No more boring videos. Tap into emotionally connected storytelling.
More than many other mediums, creating video content can show people you see them and help you reach them at an emotional level. Businesses often produce videos that are factual and educational. While that has its place, we can all take a lesson from consumer companies that speak to the heart, as well as the head. According to Sprout Social, investing in relationships with consumers directly impacts business revenue and strengthens customer loyalty. Consider this as you decide how to present your content and even your choice of recording location.
- Speak to their issues, in words and ideas you know they are talking about. You can research this on social media channels for the latest.
- Anchor your video with a well-constructed story. Hook viewers by creating and relieving tension and bringing your topic to life in a relatable and believable way.
- Be crystal clear on your call to action, and (when appropriate) break it down into memorable and easy to understand steps.
Ruthless editing. It takes time to create the perfect short video clip.
Just like writing, it’s often harder to produce a short video than a long one. According to recent research from HubSpot, the sweet spot for consumer videos is under 3 minutes. Working through the flow and approaching your video script with a critical eye is important. Otherwise, your story may meander, or you may not spend enough time explaining your most critical points.

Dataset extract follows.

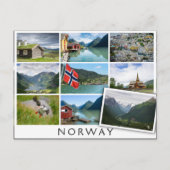 Landschappen en de tekst: "Noorwegen" in collage Briefkaart (Voorkant)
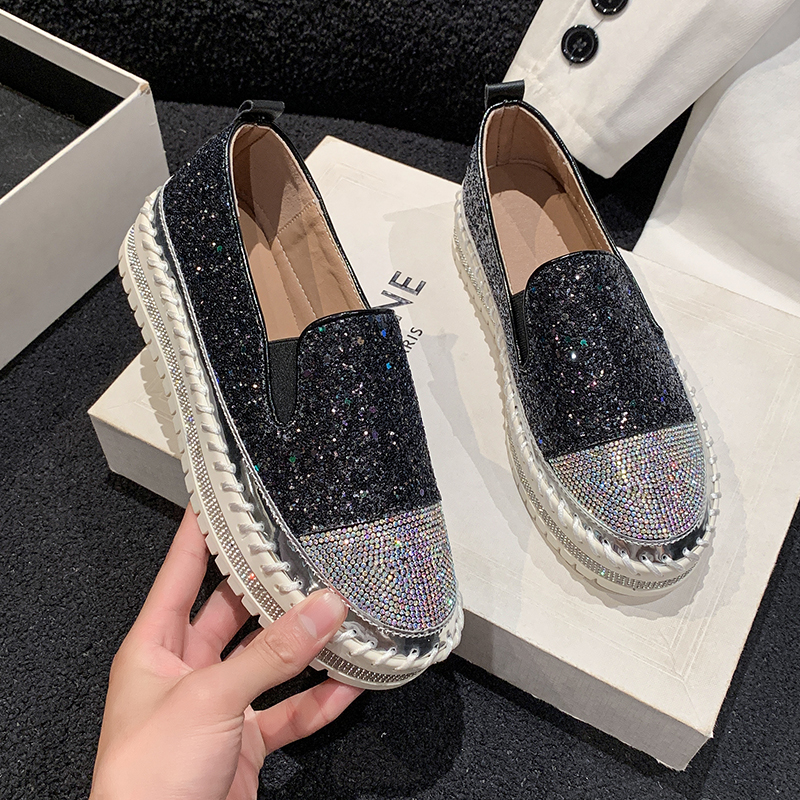 Women's Water Diamond Fashion Casual Shoes Designer Flat Shoes High Quality Thick Bottom Luxury Single Shoes Zapatos de Mujer Luxurious shiny out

- Start with a video script that is no more than 300 words. If you plan to demonstrate or show something, make it even shorter.
- Include your own “stage directions” – Will you be standing, sitting, or sharing visuals? Any transitions will require a few seconds and should be built into your timing.
- Edit your content by recording, timing, and then reviewing what you have on your smartphone or tablet. You’ll be surprised how reading out your talking points will quickly help you identify extra words you don’t need and refine what you are trying to say.
Practice. Don’t let your video content fall flat from unprepared talent.
We know from coaching corporate professionals that even experienced presenters need time to practice before recording videos. Even movie stars rehearse! Your intonation, speed of delivery, eye contact and expression all make a big difference in how you are perceived.
- Try to vary your speed and voice to keep people engaged. Experiment with different approaches and see what you like best when you watch it back.
- Highlight your most important words and make sure you allow space around them – stop for a beat. Comedians call this “letting the joke land.”
- Share your dry run video recordings with trusted peers who you know will give you critical feedback. It’s ideal if they are a profile match for your primary audience.
Be real. Show your authentic human self when you’re creating video content.
Being rehearsed is not the same as being robotic. It’s okay to sound like a real person, and even fumble on a word. What’s most important is to communicate the messages and the emotion you mapped out in preparation, not that you are uber-polished in your delivery.
- Deliver with warmth. It can help to have a family member or close friend sitting in to be a friendly audience. For most people, the delivery will be more natural than when delivering alone staring into the lens.
- Share something of yourself in your video. You might show your home office in the background. Or maybe you wear a special necklace or that shows your personality.
- Don’t assume you have to dress professionally, be in a video studio or office setting, or use formal language to be taken seriously.
Even for a quick video you plan to post to social media, keeping these video content best practices in mind can be the difference between a post that sits and an engaging video post that takes off. Have fun with your next video recording!